**Exercise**
Go through the records and give each one again exactly, omitting the images.

(Short descriptive text snippets)
*** Block opens ***

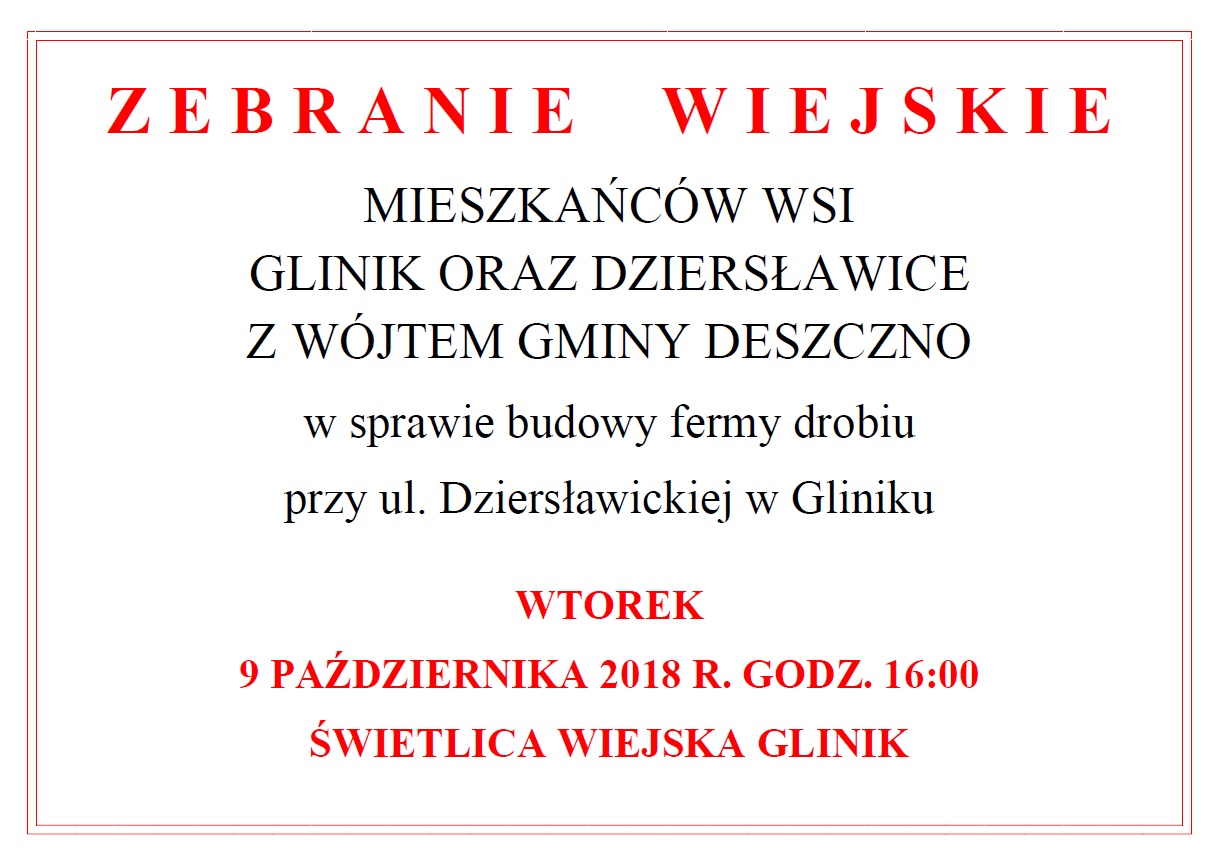zebranie wiejskie w Gliniku w sprawie budowy fermy drobiu 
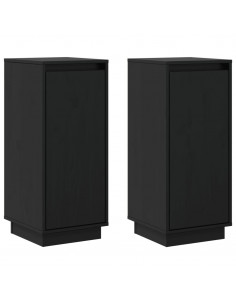 Credenze 2 pz Nere 31,5x34x75 cm in Legno Massello di Pino 2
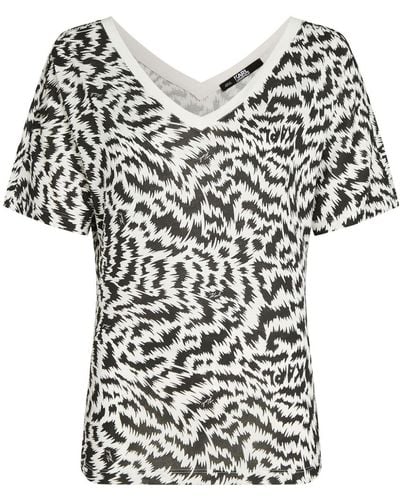 Karl Lagerfeld T-Shirt mit Zebra-Print - Schwarz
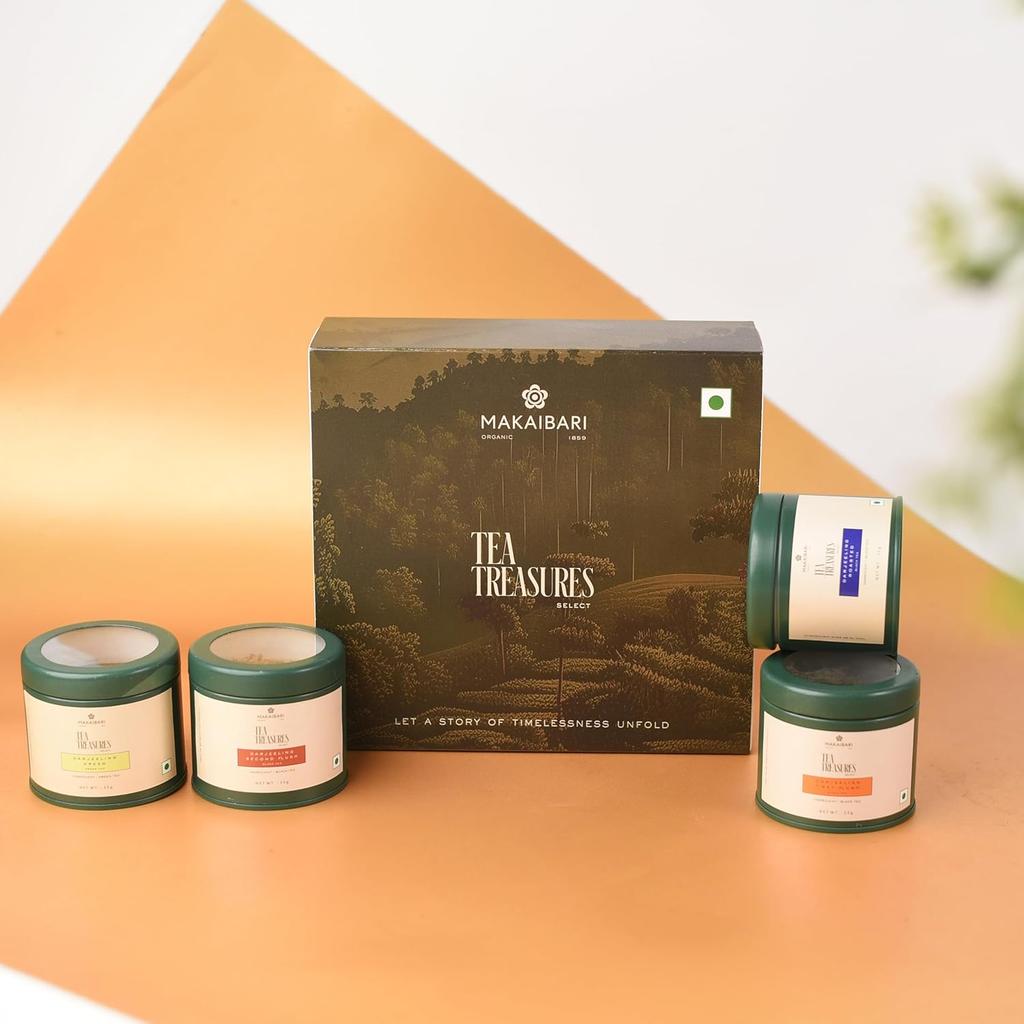 Makaibari Tea Treasures Select Gift Box 100g Pack – A Curated Collection of Darjeeling's Finest: First Flush, Second Flush, Darjeeling Roasted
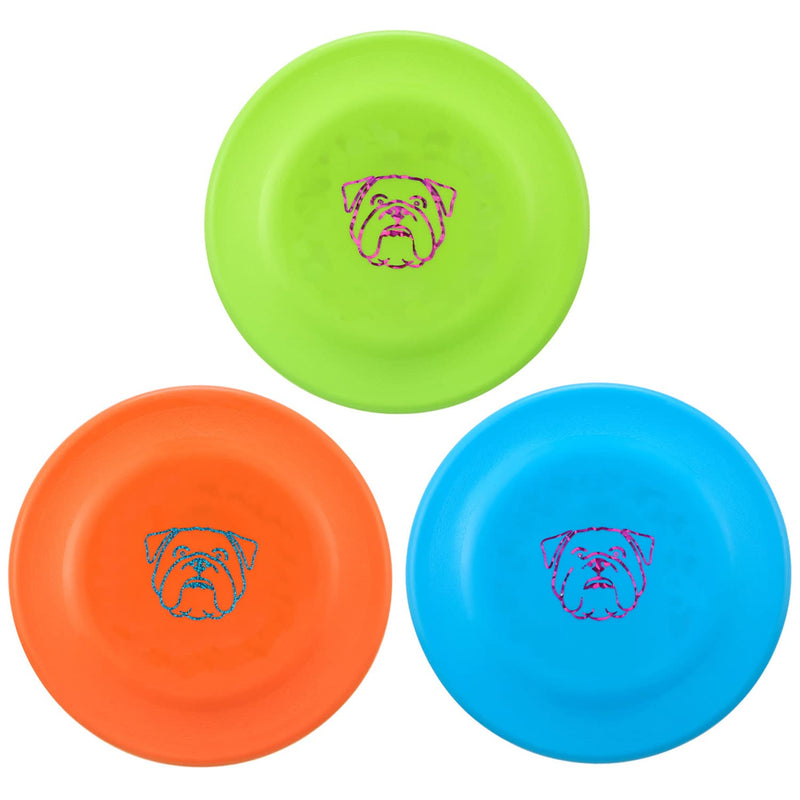 Dog Flying Disc, 3 Pcs Competition Dog Flyer Dog Toy, Soft Dog Flying Discs Indestructible Rubber Lightweight Flying Disc Dog Toy for Dogs - Floats On Water, Gentle On Teeth and Gums Blue & Green & Orange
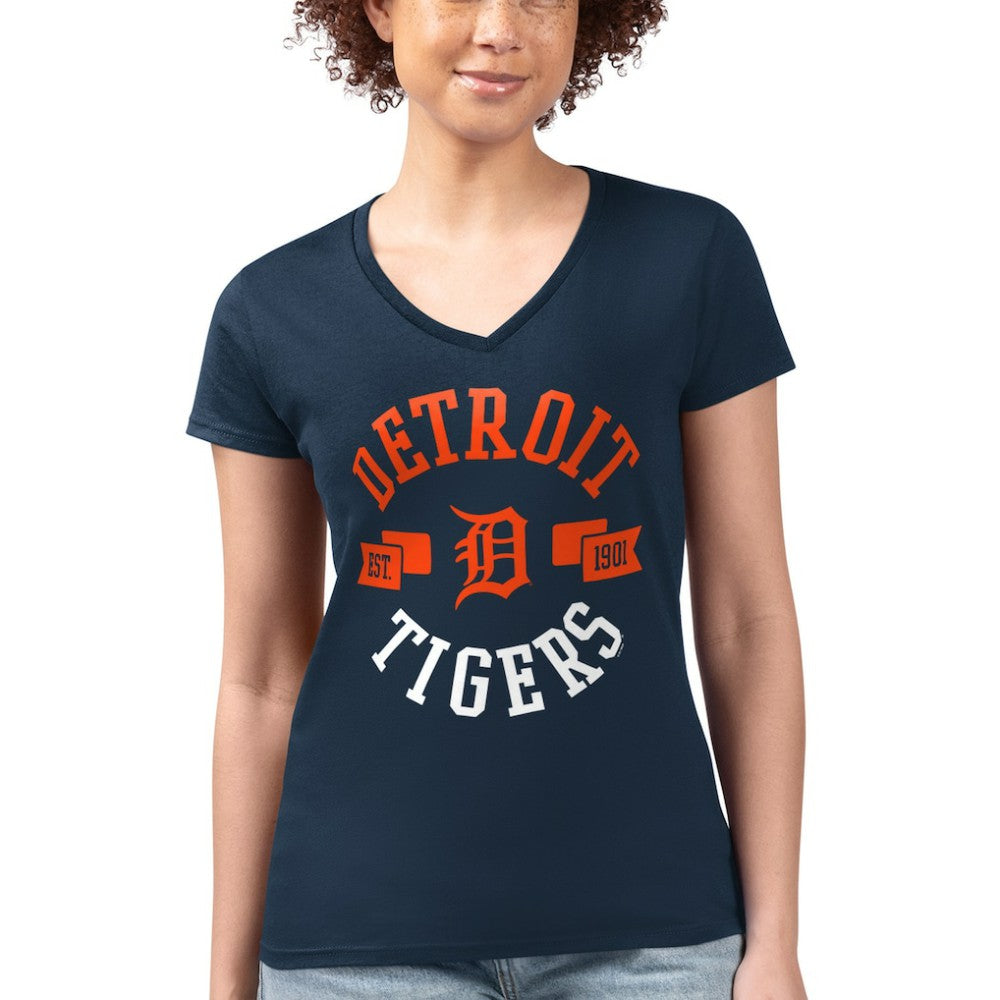 Detroit Tigers G-III 4Her by Carl Banks Women's Super-Slim Fit Lightweight City Graphic V-Neck T-Shirt - Navy - MLB Lifestyle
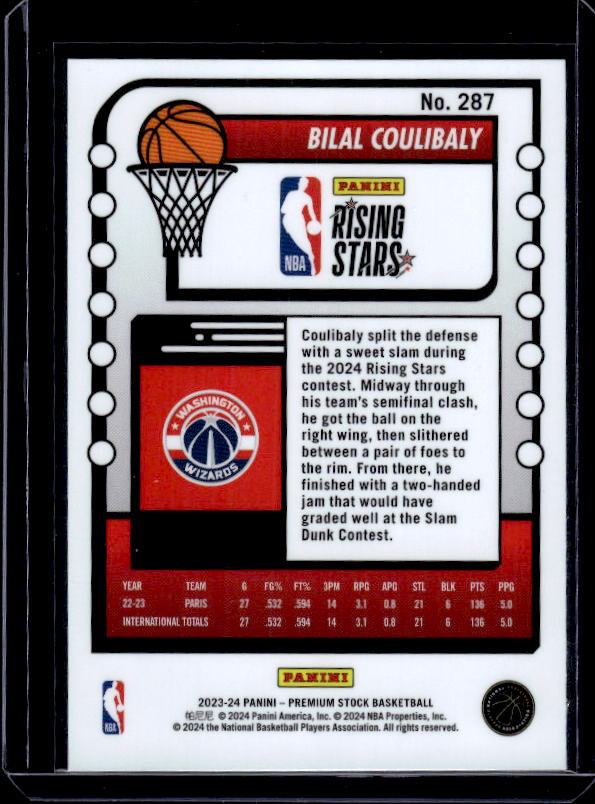 2023-24 Hoops Premium Stock #287 Bilal Coulibaly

*** Block closes ***

**Your response**
zebranie wiejskie w Gliniku w sprawie budowy fermy drobiu 
 Credenze 2 pz Nere 31,5x34x75 cm in Legno Massello di Pino 2
 Karl Lagerfeld T-Shirt mit Zebra-Print - Schwarz
 Makaibari Tea Treasures Select Gift Box 100g Pack – A Curated Collection of Darjeeling's Finest: First Flush, Second Flush, Darjeeling Roasted
 Dog Flying Disc, 3 Pcs Competition Dog Flyer Dog Toy, Soft Dog Flying Discs Indestructible Rubber Lightweight Flying Disc Dog Toy for Dogs - Floats On Water, Gentle On Teeth and Gums Blue & Green & Orange
 Detroit Tigers G-III 4Her by Carl Banks Women's Super-Slim Fit Lightweight City Graphic V-Neck T-Shirt - Navy - MLB Lifestyle
 2023-24 Hoops Premium Stock #287 Bilal Coulibaly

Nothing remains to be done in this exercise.